But, as Burkhauser and Daly ask, is this necessarily a bad thing? Although the program may be an inefficient method of income redistribution, money is flowing to the poor and near-poor. Unfortunately, there is a major negative unintended consequence: Lifetime dependency. Burkhauser and Daly:
Many beneficiary children from low-income families are so profoundly disabled that they would never be able to enter the workforce as adults. But others, especially the less clear-cut cases that have driven growth since the Zebley decision, might be able to hold a job with appropriate accommodation and training. However, once these children are on SSI, they rarely come off.
Hemmeter, Kauff, and Wittenburg find that nearly two-thirds of SSI disabled children beneficiaries move directly onto SSI disabled adult rolls. Very few attempt to work thereafter. Moreover, only about 60% of those who do not move directly onto SSI disabled adult rolls are employed at age 19.
Thus, most SSI disabled children beneficiaries graduate from the program into what is likely to be permanent status as an SSI disabled adult beneficiary. And, if they are denied these benefits, they turn to other forms of welfare. This outcome is unintended. But it is quite costly both for the beneficiaries, who live their lives at or near the poverty threshold, and for taxpayers, who fund lifetime benefits.

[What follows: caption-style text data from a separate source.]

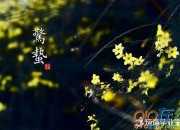 意境唯美的古詩詞摘抄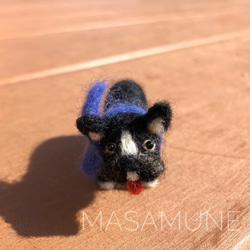 ミニチュアシュナウザー ソルト&ペッパー 羊毛フェルト masamune 通販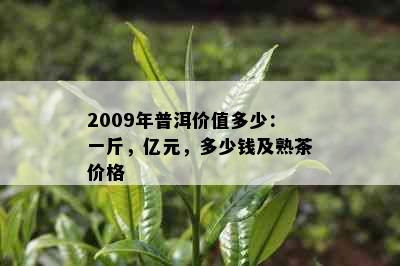 2009年普洱价值多少：一斤，亿元，多少钱及熟茶价格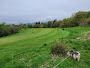 Braehead Golf Club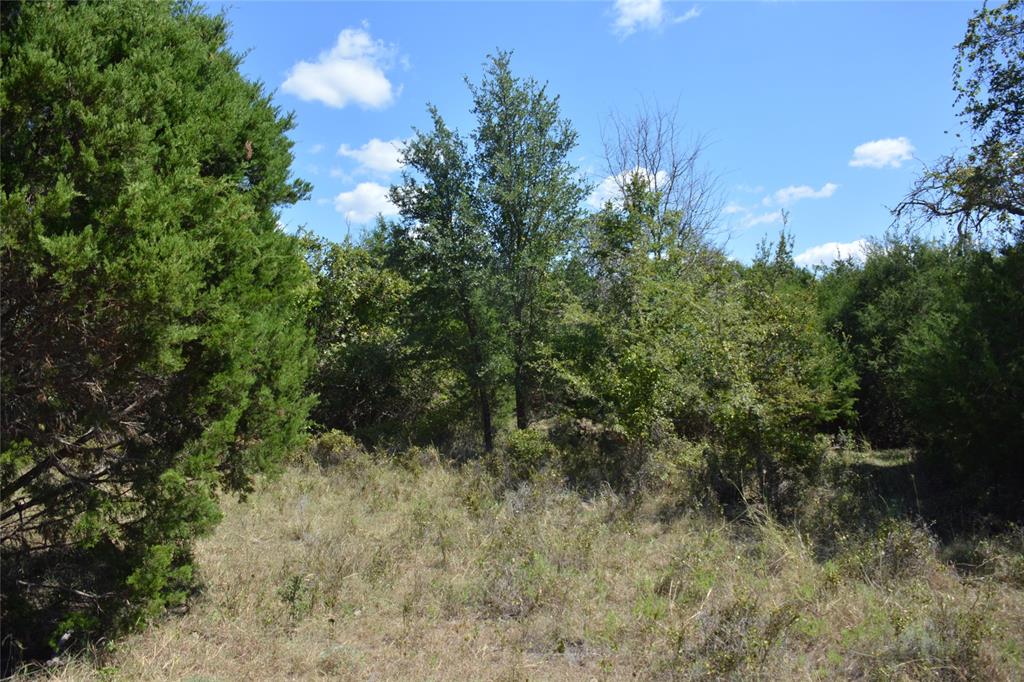 621 E Fm 572 Property Photo 24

The paper doesn’t offer any reform ideas, although there have been plenty devised to reform SSDI which might be applicable, including the tightening of eligibility requirements, better differentiating between the profoundly and partially disabled, and extending private disability insurance to virtually all U.S. workers that would nudge companies into trying to keep disability rates low. Faster economic growth and tighter labor markets wouldn’t hurt, either.